Yesterday my wife, son, and I went to see Just Mercy, the new movie starring Michael B. Jordan and Jamie Foxx. The film chronicles the true story of Walter McMillian (played by Foxx), a black man who spent almost six years on Alabama’s death row for a murder he didn’t commit, and Bryan Stevenson (played by Jordan), the public interest attorney who represented him and wrote the 2014 memoir on which much of the film is based. I loved the movie and was struck by how many important issues the film raised for me, like the continuing racial divide, the need for criminal justice reform, and why the U.S. is the only Western country that still has the death penalty. Watching it on Martin Luther King Day only further intensified the movie’s effect on me.

I also took notice of one very interesting fact. McMillian’s home and his trial are based in Monroeville, Alabama, the home town of Harper Lee, and the inspiration for the fictional town of Maycomb, Alabama, the center of Lee’s novel To Kill a Mockingbird. The parallels between the events of the movie and Lee’s novel are apparent to anyone who has watched the movie and read the book. But for me, the most interesting parallel is the degree to which the lawyer Atticus Finch and his client Tom Robinson in the novel and Stevenson and McMillian in the movie demonstrate extraordinary emotional mastery.
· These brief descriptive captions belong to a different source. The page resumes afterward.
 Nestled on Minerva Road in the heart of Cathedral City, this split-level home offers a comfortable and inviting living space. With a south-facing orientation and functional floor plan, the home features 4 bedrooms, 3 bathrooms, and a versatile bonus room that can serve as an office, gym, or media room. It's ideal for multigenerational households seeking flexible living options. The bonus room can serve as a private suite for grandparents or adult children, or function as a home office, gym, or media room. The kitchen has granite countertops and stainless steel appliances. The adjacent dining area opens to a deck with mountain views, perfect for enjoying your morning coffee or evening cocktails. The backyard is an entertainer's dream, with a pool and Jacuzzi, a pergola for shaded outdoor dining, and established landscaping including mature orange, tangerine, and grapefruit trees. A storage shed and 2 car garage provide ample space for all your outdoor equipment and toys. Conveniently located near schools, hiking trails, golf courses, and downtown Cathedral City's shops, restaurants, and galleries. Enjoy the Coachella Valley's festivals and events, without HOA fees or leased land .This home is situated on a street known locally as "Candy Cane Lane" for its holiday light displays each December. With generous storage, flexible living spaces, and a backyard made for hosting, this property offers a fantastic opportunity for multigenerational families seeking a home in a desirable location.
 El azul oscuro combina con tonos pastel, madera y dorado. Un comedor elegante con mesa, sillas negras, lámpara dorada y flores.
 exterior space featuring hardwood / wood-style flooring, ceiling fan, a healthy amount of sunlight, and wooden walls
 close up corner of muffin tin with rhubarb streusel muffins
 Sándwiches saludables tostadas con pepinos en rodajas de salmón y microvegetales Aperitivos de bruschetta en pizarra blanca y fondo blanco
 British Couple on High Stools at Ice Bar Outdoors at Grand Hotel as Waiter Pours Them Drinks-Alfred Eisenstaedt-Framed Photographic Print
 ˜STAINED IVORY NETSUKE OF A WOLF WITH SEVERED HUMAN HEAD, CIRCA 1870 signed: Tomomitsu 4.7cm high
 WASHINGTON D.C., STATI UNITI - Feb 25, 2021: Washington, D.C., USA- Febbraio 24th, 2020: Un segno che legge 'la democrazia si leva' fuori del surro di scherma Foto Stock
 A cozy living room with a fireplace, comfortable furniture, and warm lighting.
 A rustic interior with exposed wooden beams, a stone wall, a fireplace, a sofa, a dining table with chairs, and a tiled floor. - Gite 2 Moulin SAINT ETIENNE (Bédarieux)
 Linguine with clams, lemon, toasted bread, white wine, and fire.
One of my favorite parts of To Kill a Mockingbird was the interaction between Finch’s children, Scout and Jem, and Mrs. Henry Lafayette Dubose, a neighbor of the Finch family. To walk into town, the children are forced to walk by the elderly Mrs. Dubose, who is almost always sitting on her front porch and who almost always assaults the children with a verbal tirade of insults, oftentimes about their father. When I first read the novel, I was amazed by how Atticus was able to not only tolerate Mrs. Dubose but to genuinely and unfailingly direct compassion and kindness towards her and to instruct his children to do the same. This kind of emotional mastery was on display during the movie. It was certainly on display for much of Dr. Martin Luther King, Jr.’s life.

Most extraordinary people have the superpower of choosing when and how to express their emotions. They are able to maintain a level of equanimity in the face of even extreme injustice. Think about it. Mandela, Dr. King, Gandhi, Jesus. All masters of their emotions. They knew that such emotional mastery was essential to their callings.

If you want to lead an extraordinary life, you have to be a master of your emotions, not a prisoner to them. Where in your life can you heed the wisdom and lessons of the great leaders and master your emotions more skillfully? What would it look like to more consistently choose to act instead of automatically react to your environment?

Last week I declared 2020 the year of Action (not Reaction). Let’s choose to act in a way that masters our emotions and, in so doing, honors the legacy of the many great leaders who have taught us exactly what that looks like.